Last week we wrote about the pressure facing the Federal Motor Carrier Safety Administration to keep our highways safe with stricter regulations for truckers. Here’s more about necessary improvements to our laws so that everyone is safer on the road.
Large-truck accidents accounted for nearly 4,000 fatalities in 2013—the fourth straight year that the number of truck-related deaths has risen, according to the National Transportation Safety Board. That’s a 17 percent increase based on numbers collected by the National Highway Traffic Safety Administration.

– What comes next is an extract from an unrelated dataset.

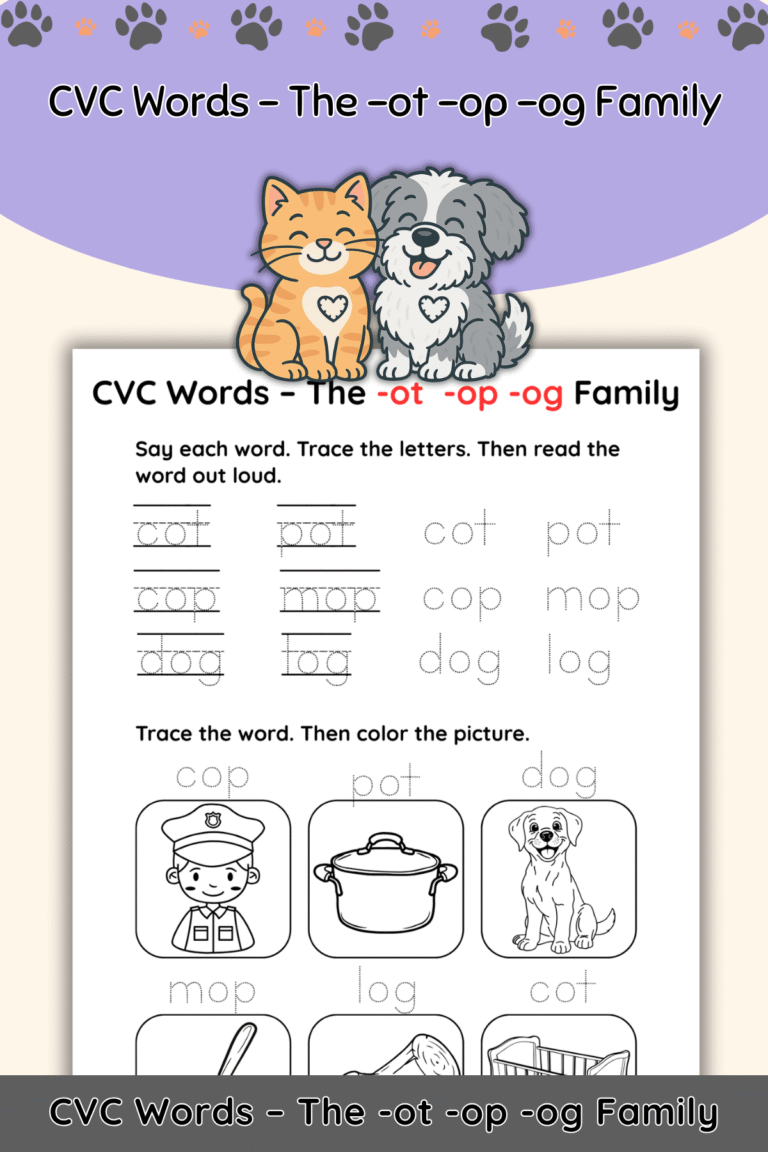 Free CVC Words Worksheets: The “-ot,” “-op,” and “-og” Word Families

In a statement, the NTSB recommended that trucking companies explore more ways to manage driver fatigue and sleep disorders, afflictions that have been the source of several deadly accidents on the road. Sleep deprivation and mandated driving hours remain constant topics of discussion among safety experts and legislators, some of whom find themselves arguing opposite ends of the spectrum. The NTSB also unveiled its “Most Wanted List” of transportation improvements for 2015, including strengthening the safety of commercial trucking through increased industry oversight.
The statistics come at a time when Congress voted to tamp down trucking regulations last year, part of an ongoing trend of legislation that effectively weakens driving limitations and mandated driving hours. An example of one such amendment, passing on a 21-9 vote by the Senate Appropriations Committee in early June, rescinded a provision that required drivers to take breaks between the hours of 1-5am. The vote passed despite widespread opposition by safety advocates, transportation experts and the White House, all of which expressed concern for those driving at high speeds in the wee hours of the morning.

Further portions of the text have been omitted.